It would be nice if t1_quantity was renamed to some descriptive word. Perhaps a discussion on the mailing list would help to discover a better word.
Perhaps just quantity1, quantity2, quantity3 or quantitya, quantityb, quantityc.
I did not delve as much as I would want into the implementation of t1_quantity, due to lack of time. I noticed that there are two similar files, length.hpp and length_.hpp, but there is no force_.hpp, or any other file with _ at the end. This puzzles me a bit.
Oops...length_.hpp should have been removed from the package.
--------------------------------------------------- * What is your evaluation of the design?
The design as shown on the Entity Relationship Diagram ( /libs/pqs/doc/html/pqs/pqs_erm.html ) is so clear, that I can hardly imagine making a better design. It must be noted however that I've never written my own units library.
I need to redo it usin the correct symbols maybe and see if it can be used for other systems than SI or not.
I'm not sure if fixing number of dimensions to exactly 7 is good decision, perhaps it could be changed at later date, after the library is included to boost. Those extra dimensions would be non-si of course, but could be useful for some people (storage capacity of a harddrive comes to mind, or unit of information measured with libraries of congress ;).
I think the number of dimensions could be configurable. This is dependent on PQS becoming superceded too though, because PQS is only useful in SI IMO.
It's good that Andy plans to implement vector, matrix and quaternions operations, that will perform necessary unit checking during computation (all at compile time!). My concern however is that Finite Element Method uses large matrices (for example with 1000 columns), and I'm sure that users will prefer to stick with ublas and all functionality provided by libraries they are already using.
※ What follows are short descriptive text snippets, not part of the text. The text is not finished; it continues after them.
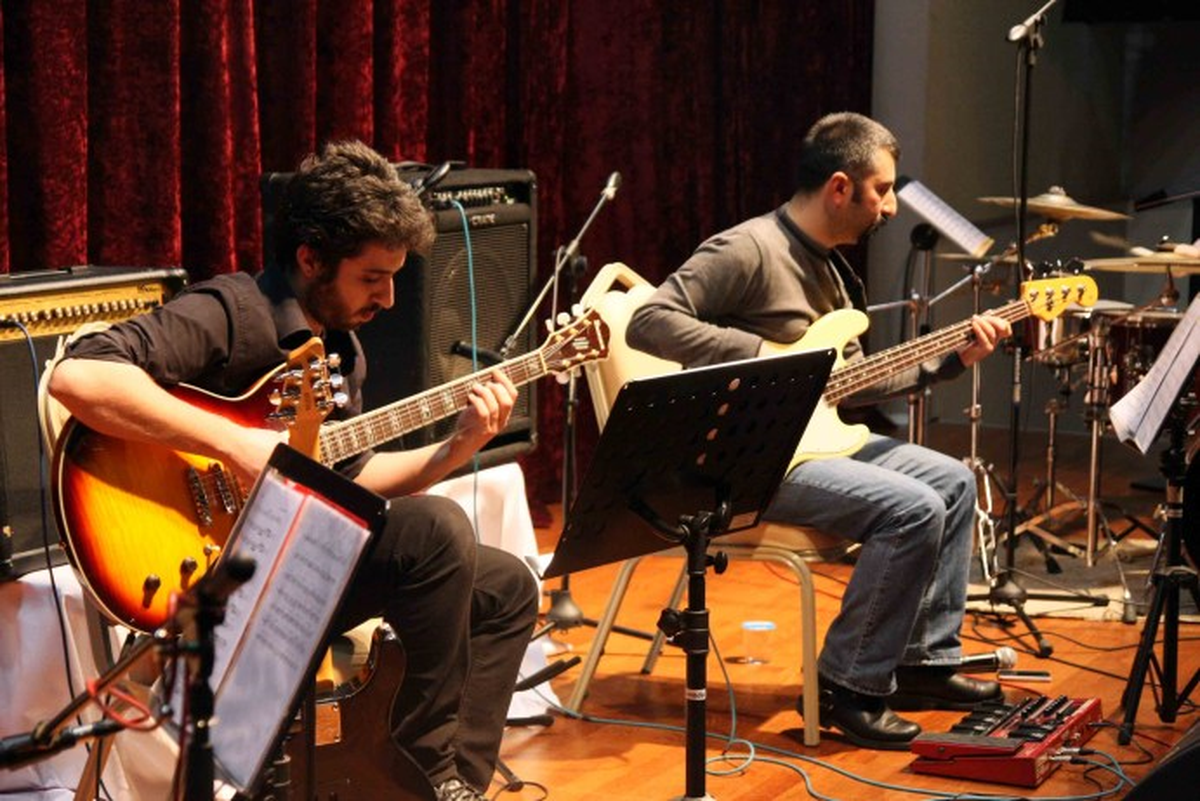 Gebze\'de A\'râf Konseri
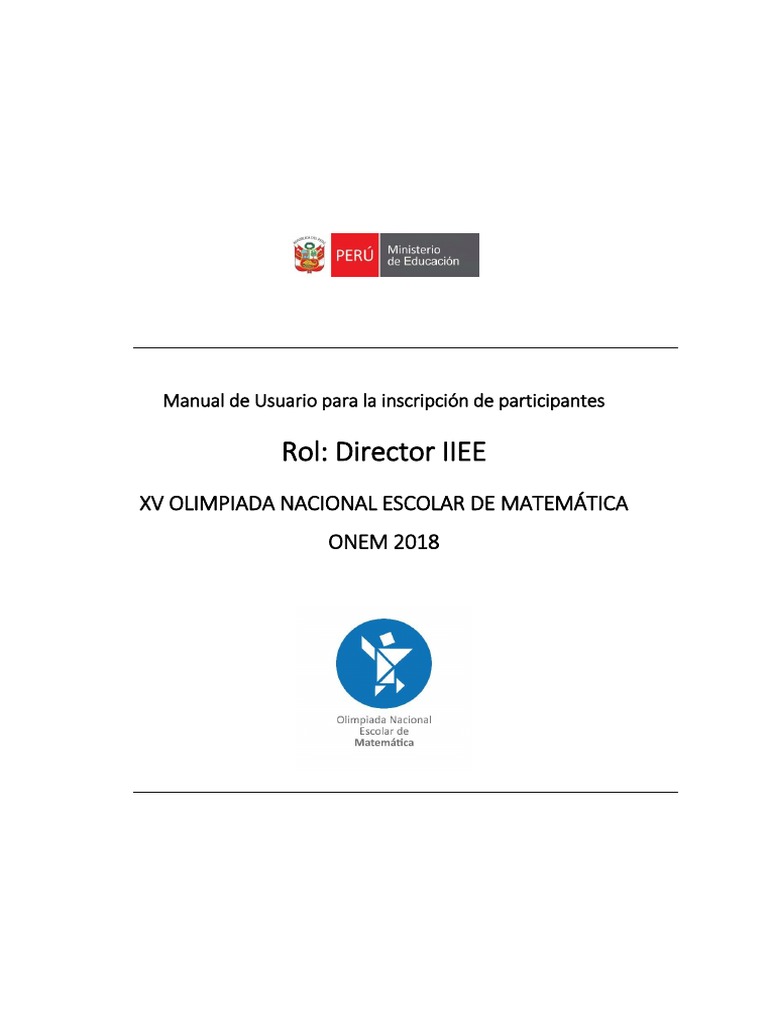 Manual de Usuario ONEM - DIRECTOR IIEE.docx
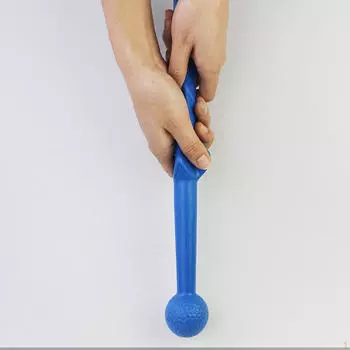 Тренажер для гольфа Swing Trainer. Силовая практика для начинающих. Правильные упражнения.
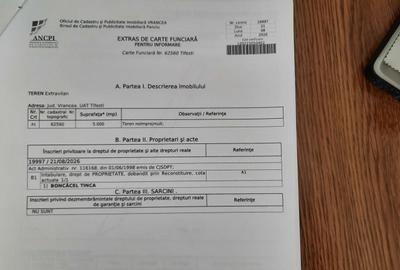 Spațiu comercial, în Clipicești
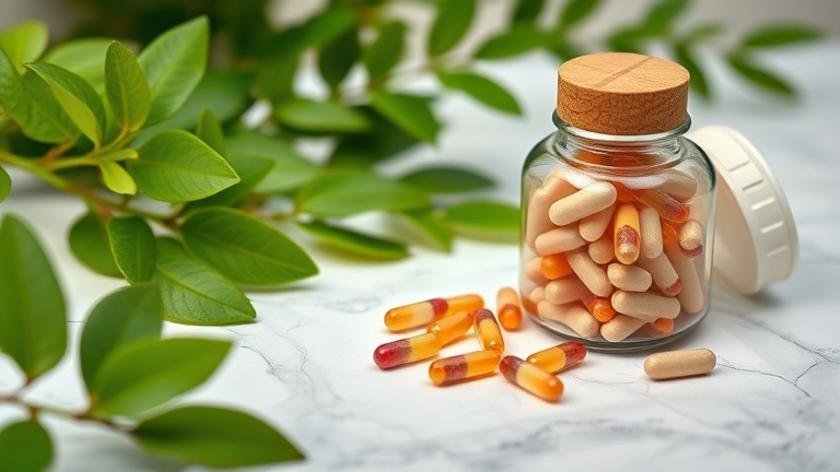 vitamin supplement role education overview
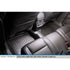 SMARTLINER Custom Fit Floor Liners For 2015-2016 Ford Explorer without 2nd Row Center Console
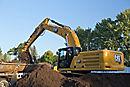 Large Excavators 340 - Tier 4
Instead of more general (and perhaps impossible) solution that would allow use of pqs with any other math library, I recommend to investigate tight integration with boost::numeric::ublas. I'm sure that people responsible for that library will gladly accept the idea, and accept any patches related to this. Basically this will make boost::ublas a ,,sort of'' part of pqs. Other solution would be to reimplement such huge matrices in pqs, but how far Andy could go?
I dont know if its possible. Another option is to cast the quantities to numerics. IOW exit the type checking. I will have to ask on the ublas list.
--------------------------------------------------- * With what compiler did you try the library?
gcc version 3.3.5 (Debian 1:3.3.5-13)
I have compared compilation times with and without pqs. Whole yade consists of over 20000 lines of C++ and it compiles in 10minutes on my AMD 4400+ (when I'm too lazy to use distcc which can reduce this time to 3 minutes - ideal when I'm in hurry). Because pqs is just in one small module (about 100 lines of code) I measured the time for compiling only this module. I took 5 measures, and computed average:
without pqs: 3.8 seconds with pqs : 4.8 seconds
That gives about 21% increase. It would mean that if I used pqs in whole yade 10 minutes could possibly become 12 (or 4 minutes with distcc). not much difference I think. Full recompiles do not happen often, anyways.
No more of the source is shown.